One of my favorite traditions at family reunions is going on Saturday morning for breakfast to The Biscuit Factory in High Point. The fast food restaurant is famous for its homemade biscuits and for growing the waists of citizens in that city. On a recent visit, all 10 of us lined up at the counter and gave our orders to the cashier. I was last in line because I pay the bill. I had purchased a newspaper on my way into the restaurant, and when our biscuits were ready, I laid my paper on the counter, picked up the two trays of biscuits and took them to our tables. I went immediately back to get my paper, and, as I walked toward the counter, I saw a man in line pick up my paper, fold it, and put it under his arm. I said, “Sir, the paper you just picked up is mine.
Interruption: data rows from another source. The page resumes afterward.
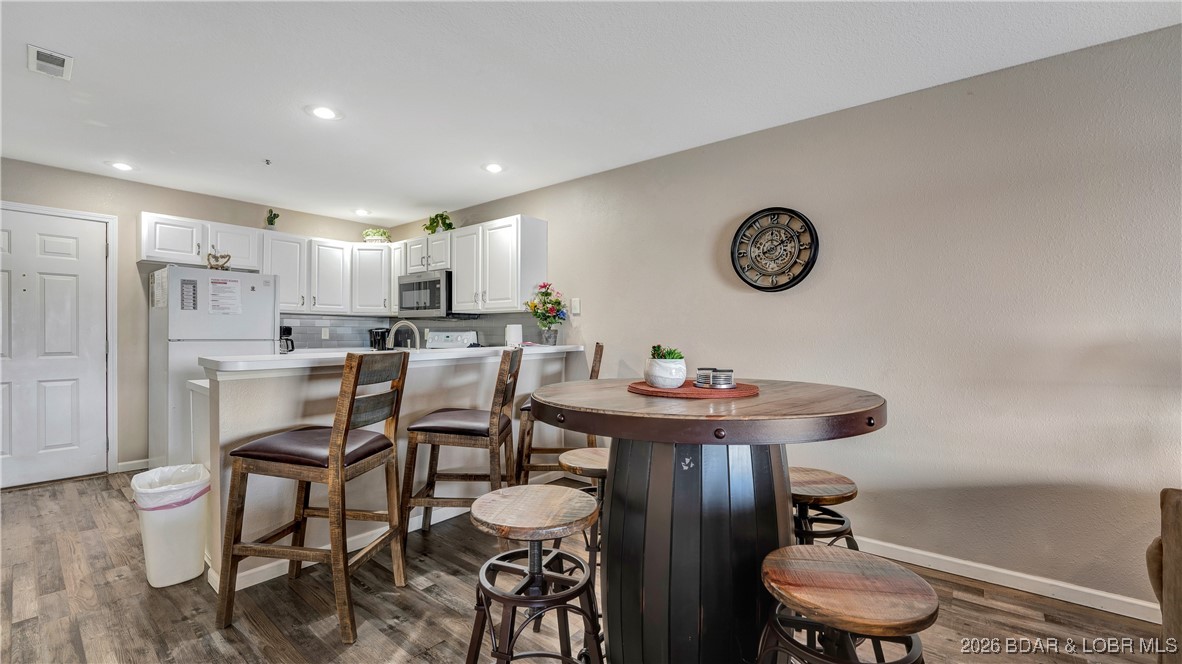 Ledges - Residential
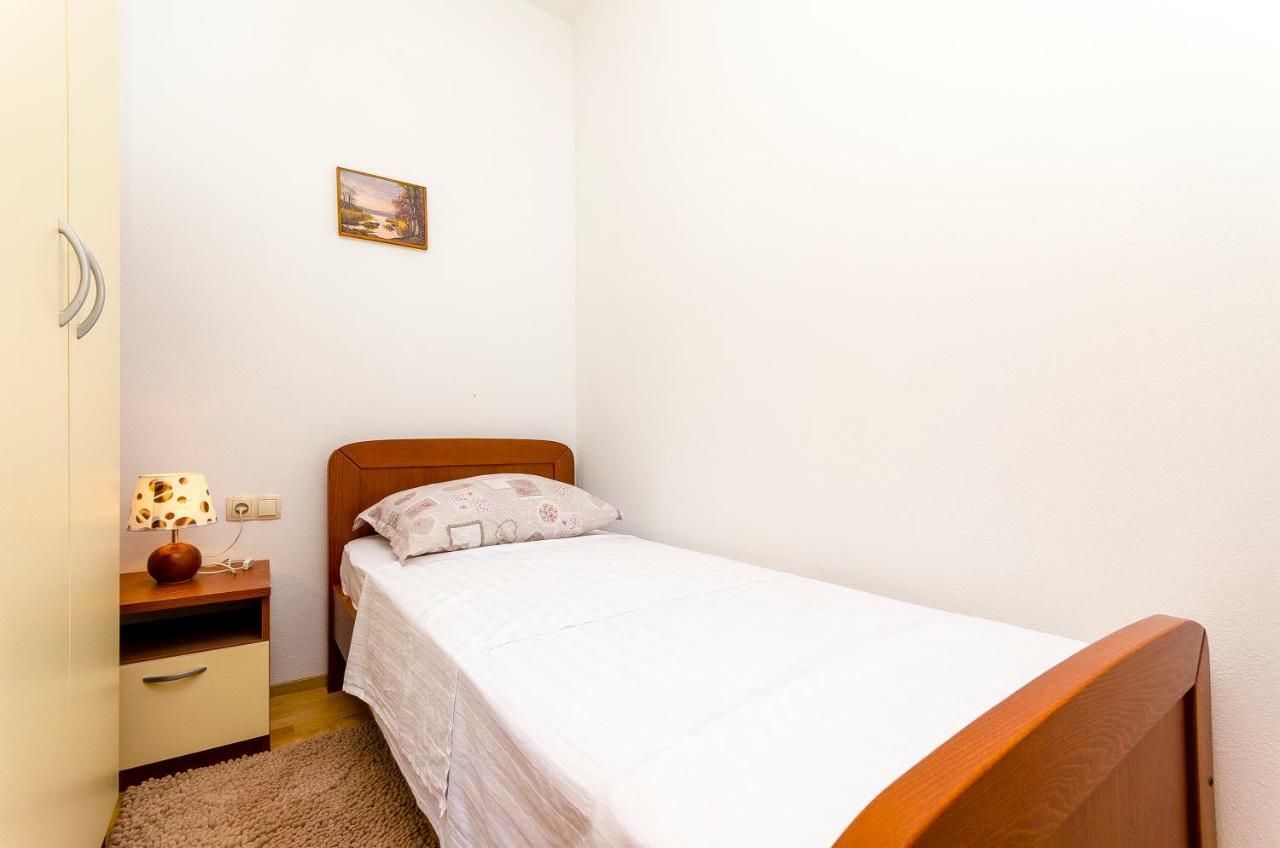 Apartman Ivan Trogir Exterior photo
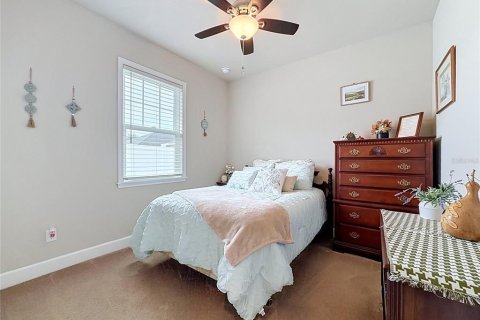 House in Newberry, Florida 2 bedrooms, 123.84 sq.m. № 2410588 - photo 12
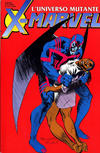 Cover for X-Marvel (Play Press, 1990 series) #47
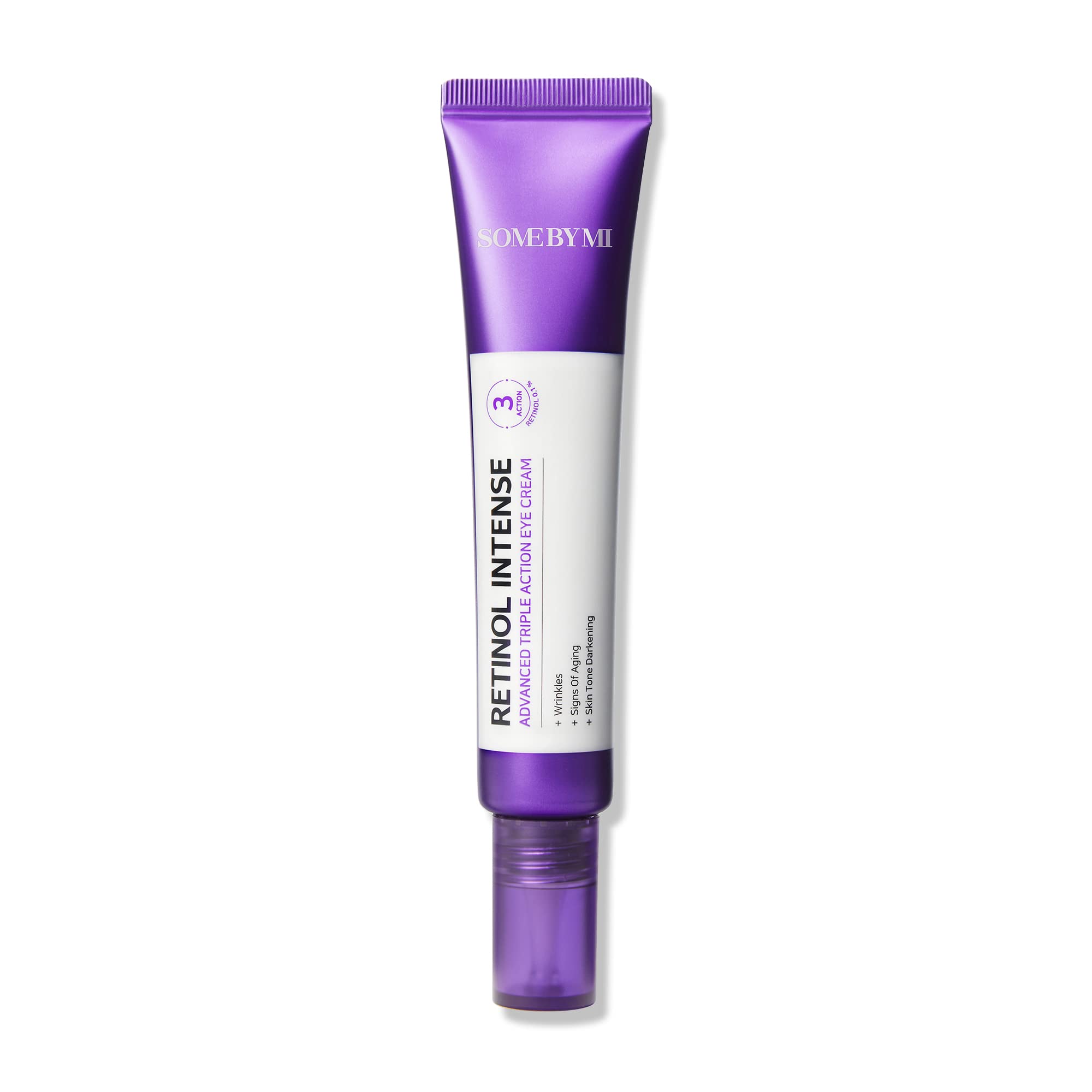 SOME BY MI, Retinol Intense Advanced Triple Action Eye Cream 30ml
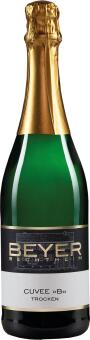 Beyer - Cuvée B Sekt trocken
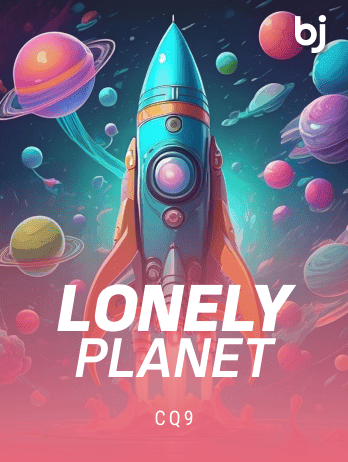 Lonely Planet thumbnail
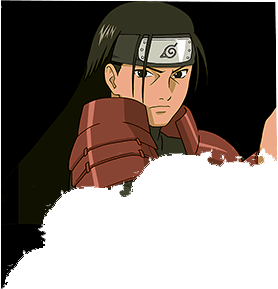Hashirama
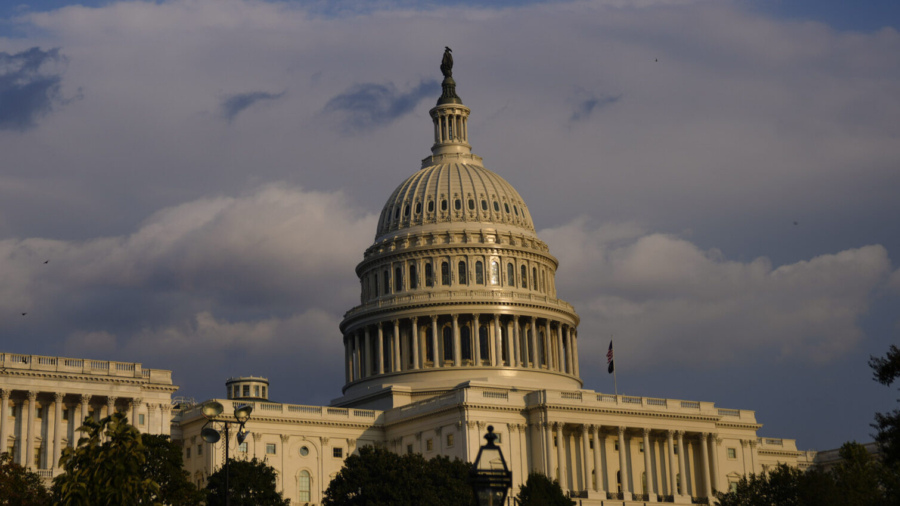 Senate Approves Short-Term Debt Limit Hike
I laid it on the counter while I took our biscuits to our table.”

He replied, “Buddy, when you lay it down, you give it up.” I thought he was joking. He was not. Observing that he was bigger than me, I practiced one of my cardinal rules for staying alive. I said, “Youíre right.”

Our lesson on “letting go” reminds me of the words of the paper-stealer. “When you lay it down, you give it up.” This is what Paul meant when he wrote to the Romans: “We were buried with Him in order that we may live a new life” (6:4, NIV).

In becoming a Christian, we laid down an old life and began a process of giving up those things that characterized that old life. This “letting go” was not a sad but a joyous experience. There were things that we had to cast aside and put behind us in order to move into our new life. And if we follow in obedience, the process of letting go continues daily. The Christian life is not something Christ gives us. It is something he makes us.

The late A.W. Tozer lists the marks of a spiritual person in his book That Incredible Christian. The one mark that impresses me most is: “The spiritual person desires to be holy rather than happy.”

To be holy means there are other things a Christian cannot be. It wasnít just money to which Jesus referred when he said to the rich, young ruler, “Go and sell all and come, follow me.”